The old saying goes "don't reinvent the wheel" and I think that's definitely true when manipulating non-trivial file formats. If a somewhat mature library exists to do the job, use it!

davecom
  • 1,499
  • 10
  • 30
  • Thanks for your response. I have used docx before but from my experience it does not carry over the formatting – user3972986 Nov 19 '15 at 13:03
  • There appear to be several other candidate libraries like `python-docx` and `docx_replace` seems especially appropriate to your needs. I would spend the time researching them. – davecom Nov 19 '15 at 13:05
  • python-docx does not carry over the formatting either. I have never tried docx_replace. Will give it a go – user3972986 Nov 19 '15 at 13:16
0

You would need to replace the file in the zip archive. There is no "simple" way of achieving this. The following is a question that should help:

overwriting file in ziparchive

Community
  • 1
  • 1
shahvishal
  • 171
  • 4
0

What you are trying is dangerous, because you are processing a high lever docx file at a lower level. If you really want to do it, just use the hints from overwriting file in ziparchive as suggested by @shahvishal.

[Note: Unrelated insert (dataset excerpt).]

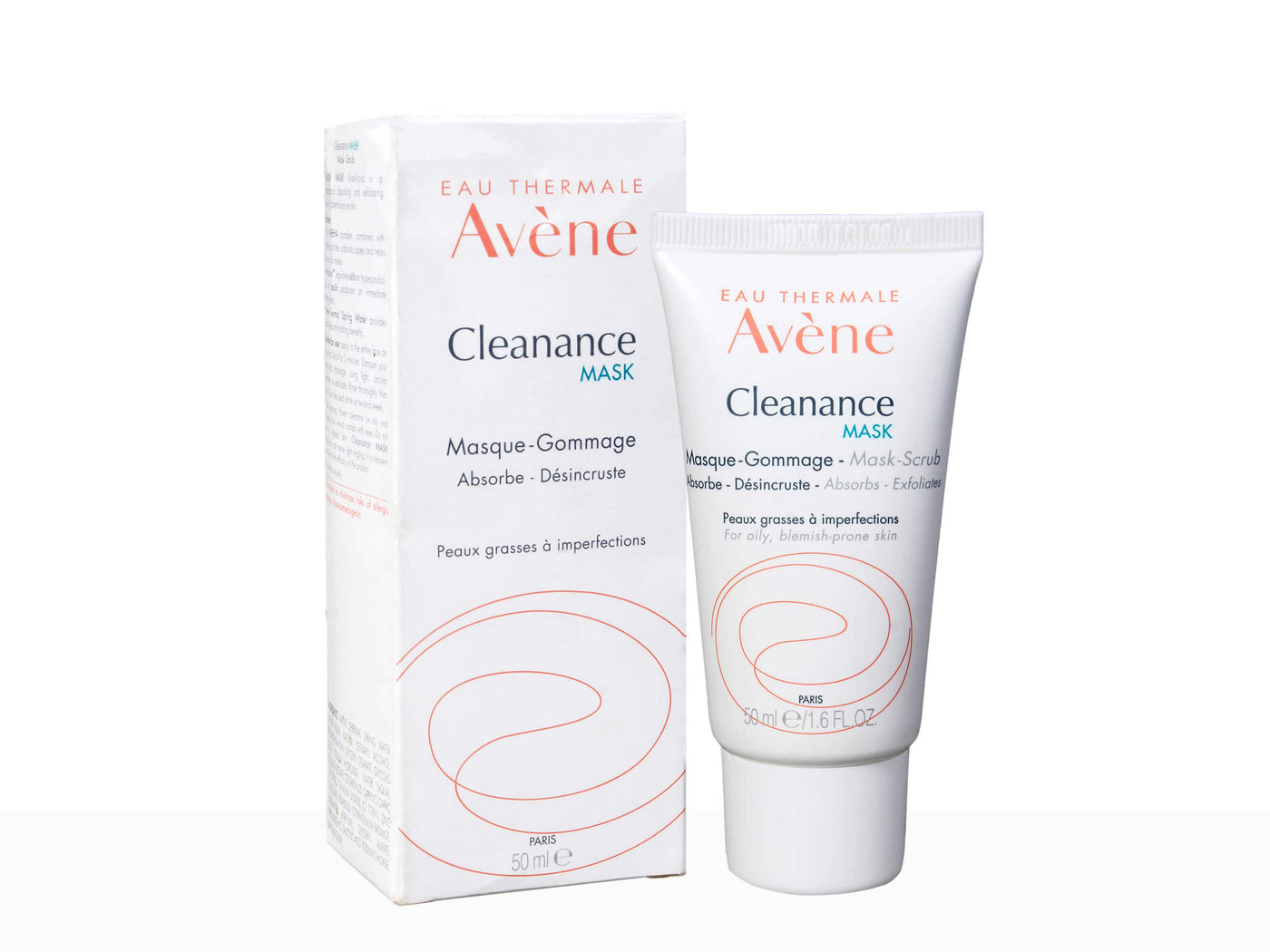 Avene Cleanance Mask - Clinikally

But unless you fully know all the details of docx format, my advice is : do not do that. Suppose there is for any reason in an internal field or attribute the string {text}. You are likely to change the file in an unexpected way leading immediately or even worse later to the destruction of the file (Word being no longer able to process it).

If you do your processing on a Windows machine with an installed word, you certainly could try to use automation to process the file with Microsoft Word. Unfortunately, I only did that long time ago and cannot give useful links. You will need:

  • general knowledge on pywin30 module
  • sufficient knowledge on the Automation interface of MS/WORD. Hopefully, its documentation is nice with many examples provided you have a full installation of Microsoft Office including macro help
Community
  • 1
  • 1
Serge Ballesta
  • 143,923
  • 11
  • 122
  • 252